Aún es pronto para valorar el desarrollo futuro que pueda tener una fuerza como estaen el escenario político español. Más interés tienen los perfiles que de sus votantes dibujan diversos análisis, pues a partir de ellos podemos reflexionar sobre las preocupaciones que mueven a sus potenciales seguidores.

Inmigración y unidad de España: estos son, parece, las dos grandes cuestiones que, hoy por hoy, concentran las preocupaciones de una parte de la sociedad española potencialmente dispuesta a apoyar un proyecto político de derecha extrema. Junto con la inmigración y la nación, hay una tercera cuestión (o conjunto de cuestiones) que, si bien no son señaladas por el sondeo de 40dB. como una de las principales razones por las que las y los votantes de Vox eligieron esta opción en las elecciones andaluzas, sí se cita como uno de los fundamentos de los grupos de extrema derecha en Europa: nos referimos a la cuestión de la diversidad sexual y de género. En efecto, la misma reacción frente a las reivindicaciones y las conquistas del movimiento feminista que en 1991 analizó Susan Faludi, desenmascarando y denunciando la “larga, dolorosa e incesante campaña para frustrar los avances de las mujeres”, emprendida en Estados Unidos una década antes, se ha convertido hoy en uno de los ejes fundamentales del proyecto de las derechas radicales.

Todas esas cuestiones están siendo utilizadas para articular e impulsar abiertamente un discurso cultural basado en la defensa de una identidad supuestamente natural (constituida para cada individuo por su sexo biológico-cromosomático y su cultura nacional) que debe ser defendida frente a toda pretensión construccionista que presente la identidad como mera elección o como mezcla: varones inseguros en su masculinidad tradicional que se sienten víctimas de un feminismo supuestamente radical y hegemónico y de la corrección política que pretendería imponer; comunidades que ven amenazadas sus certidumbres y sus modos de vida tradicionales por una globalización que trae lo anteriormente extranjero o extraño (otras lenguas, otras costumbres, otras creencias) hasta el umbral mismo de su puerta; personas consumidas por una sensación de impotencia, de que su voz no cuenta, de que han perdido todo control sobre su presente y su futuro; individuos angustiados por su porvenir material y por el de sus descendientes, que ven cómo el ascensor social se ha detenido para sus hijas e hijos…

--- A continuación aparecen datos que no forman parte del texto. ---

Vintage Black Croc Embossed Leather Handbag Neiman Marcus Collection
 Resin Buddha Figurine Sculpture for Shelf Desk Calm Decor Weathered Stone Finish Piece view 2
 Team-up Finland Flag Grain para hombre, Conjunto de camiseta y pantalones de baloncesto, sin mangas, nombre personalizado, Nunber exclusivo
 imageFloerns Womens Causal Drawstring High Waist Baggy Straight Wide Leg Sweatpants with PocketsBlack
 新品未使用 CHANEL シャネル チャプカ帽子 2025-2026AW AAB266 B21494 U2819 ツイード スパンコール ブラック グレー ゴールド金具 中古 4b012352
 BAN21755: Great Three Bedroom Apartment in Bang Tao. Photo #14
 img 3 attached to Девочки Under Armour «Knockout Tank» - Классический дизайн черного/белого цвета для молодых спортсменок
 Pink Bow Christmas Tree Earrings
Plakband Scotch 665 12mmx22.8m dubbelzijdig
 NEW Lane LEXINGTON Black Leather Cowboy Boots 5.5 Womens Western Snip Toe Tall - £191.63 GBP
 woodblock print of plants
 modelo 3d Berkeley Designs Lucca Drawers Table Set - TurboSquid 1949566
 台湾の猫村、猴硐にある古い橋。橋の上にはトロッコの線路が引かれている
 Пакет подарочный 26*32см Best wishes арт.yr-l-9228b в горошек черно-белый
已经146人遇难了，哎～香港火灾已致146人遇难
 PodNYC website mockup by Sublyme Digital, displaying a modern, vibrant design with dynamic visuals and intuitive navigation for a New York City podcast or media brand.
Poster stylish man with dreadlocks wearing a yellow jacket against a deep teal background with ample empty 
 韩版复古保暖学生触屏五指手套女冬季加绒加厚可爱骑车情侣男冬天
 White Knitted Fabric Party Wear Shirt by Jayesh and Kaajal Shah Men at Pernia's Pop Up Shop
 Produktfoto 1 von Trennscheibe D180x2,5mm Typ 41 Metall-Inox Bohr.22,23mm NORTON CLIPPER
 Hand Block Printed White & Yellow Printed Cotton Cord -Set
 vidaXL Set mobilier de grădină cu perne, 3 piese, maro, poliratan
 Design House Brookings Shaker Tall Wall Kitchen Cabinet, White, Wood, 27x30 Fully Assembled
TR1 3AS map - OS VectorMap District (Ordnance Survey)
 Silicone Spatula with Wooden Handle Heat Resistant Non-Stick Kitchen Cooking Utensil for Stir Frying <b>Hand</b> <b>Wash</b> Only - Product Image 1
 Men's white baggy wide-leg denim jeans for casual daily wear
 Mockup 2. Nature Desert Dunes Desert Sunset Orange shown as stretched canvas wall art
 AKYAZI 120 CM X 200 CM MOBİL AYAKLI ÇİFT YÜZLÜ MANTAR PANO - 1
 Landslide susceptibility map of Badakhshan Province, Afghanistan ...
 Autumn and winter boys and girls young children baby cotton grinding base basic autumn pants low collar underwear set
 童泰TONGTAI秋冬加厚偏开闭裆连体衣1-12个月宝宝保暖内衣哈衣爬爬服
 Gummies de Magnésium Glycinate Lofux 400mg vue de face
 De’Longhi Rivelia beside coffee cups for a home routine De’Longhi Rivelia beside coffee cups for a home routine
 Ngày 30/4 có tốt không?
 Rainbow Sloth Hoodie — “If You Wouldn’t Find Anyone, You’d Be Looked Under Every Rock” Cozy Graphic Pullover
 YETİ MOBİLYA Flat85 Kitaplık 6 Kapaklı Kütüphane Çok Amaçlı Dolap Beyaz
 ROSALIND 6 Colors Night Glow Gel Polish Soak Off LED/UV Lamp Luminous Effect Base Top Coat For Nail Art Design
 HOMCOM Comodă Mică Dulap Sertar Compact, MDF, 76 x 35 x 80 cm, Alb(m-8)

Una derecha nueva, no una mera continuación de los viejos fascismos del siglo XX, distinta también del neofascismo nostálgico y revisionista de los Ochenta, que Enzo Traverso prefiere denominar posfascismo, caracterizada por una mezcla (potencialmente explosiva) de nacionalismo, autoritarismo, tradicionalismo, machismo, islamofobia, populismo y antipluralismo, y que se ha mostrado capaz de incorporar a su programa la recuperación de un Estado de bienestar fuerte, sí, pero circunscrito expresamente a la ciudadanía nacional: es lo que se ha denominado “lepenismo de izquierda” o “chovinismo del bienestar”.

Una de las paradojas de nuestro tiempo es que quienes más éxito están teniendo a la hora de sumar “noes” son los partidos (o los proyectos) de derecha radical. Como resume Michel Wiewiorka, estos partidos “dan forma a los temores y a las preocupaciones culturales y también económicas, y resultan atractivos para los perdedores, los excluidos, los olvidados y los marginados por la modernización”. Impulsores de una política negativa (“impolítica” la denomina Pierre Rosanvallon), “expresan simplemente de manera desordenada y rabiosa el hecho de que ya no saben dar sentido a las cosas y encontrar su lugar en el mundo […] deben detestar para tener esperanzas” (Rosanvallon).

Ya están aquí. Además de combatirlo, habrá que preguntarse qué hemos hecho mal para dejar a tanta gente, a tanta de nuestra gente, desamparada.